Microchip, through its SST subsidiary, has enabled the shipment of more than 75 billion semiconductor devices with embedded SuperFlash technology. Through their strong ecosystem of foundry, fabless and IDM partners, SuperFlash memory has become an important source of innovation and has helped original equipment manufacturers (OEMs) differentiate their automotive, consumer, industrial and medical products throughout the past three decades.

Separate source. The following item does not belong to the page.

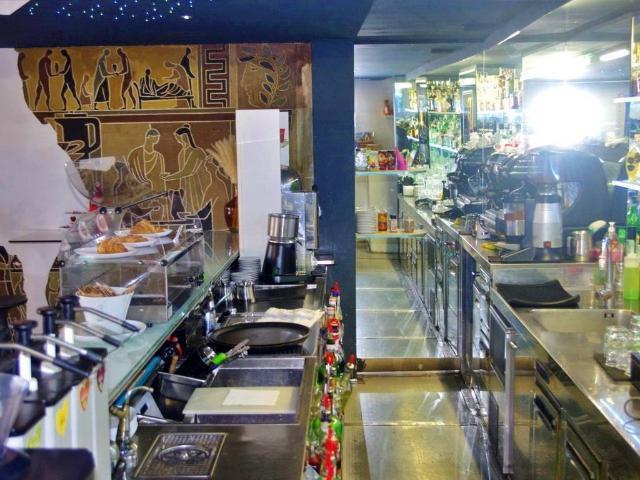 Locale Commerciale in vendita a Centro, Gallarate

“As the semiconductor industry has gone fabless, more and more semiconductor companies are taking advantage of our differentiated nonvolatile memory IP solution through SST’s flexible licensing model,” said Mark Reiten, vice president of Technology Licensing for SST. “As we have enabled a series of foundry, IDM and fabless partners, SuperFlash technology has become the hidden gem of innovation in the semiconductor industry. This technology is quietly reaching a majority of the world’s population through electronic devices and machines they depend on.”
SuperFlash technology was first introduced in high-volume production in 1995 with ESF-1 (the first generation of Embedded SuperFlash). The latest generation in development is ESF-3 for 28nm process nodes. From ESF-1 to ESF-3 the technology has proven to be scalable, compatible with standard manufacturing processes and highly reliable. It also contributes to reducing costs associated with high-volume production through high-yielding, area-optimised IP and low mask count foundry processes.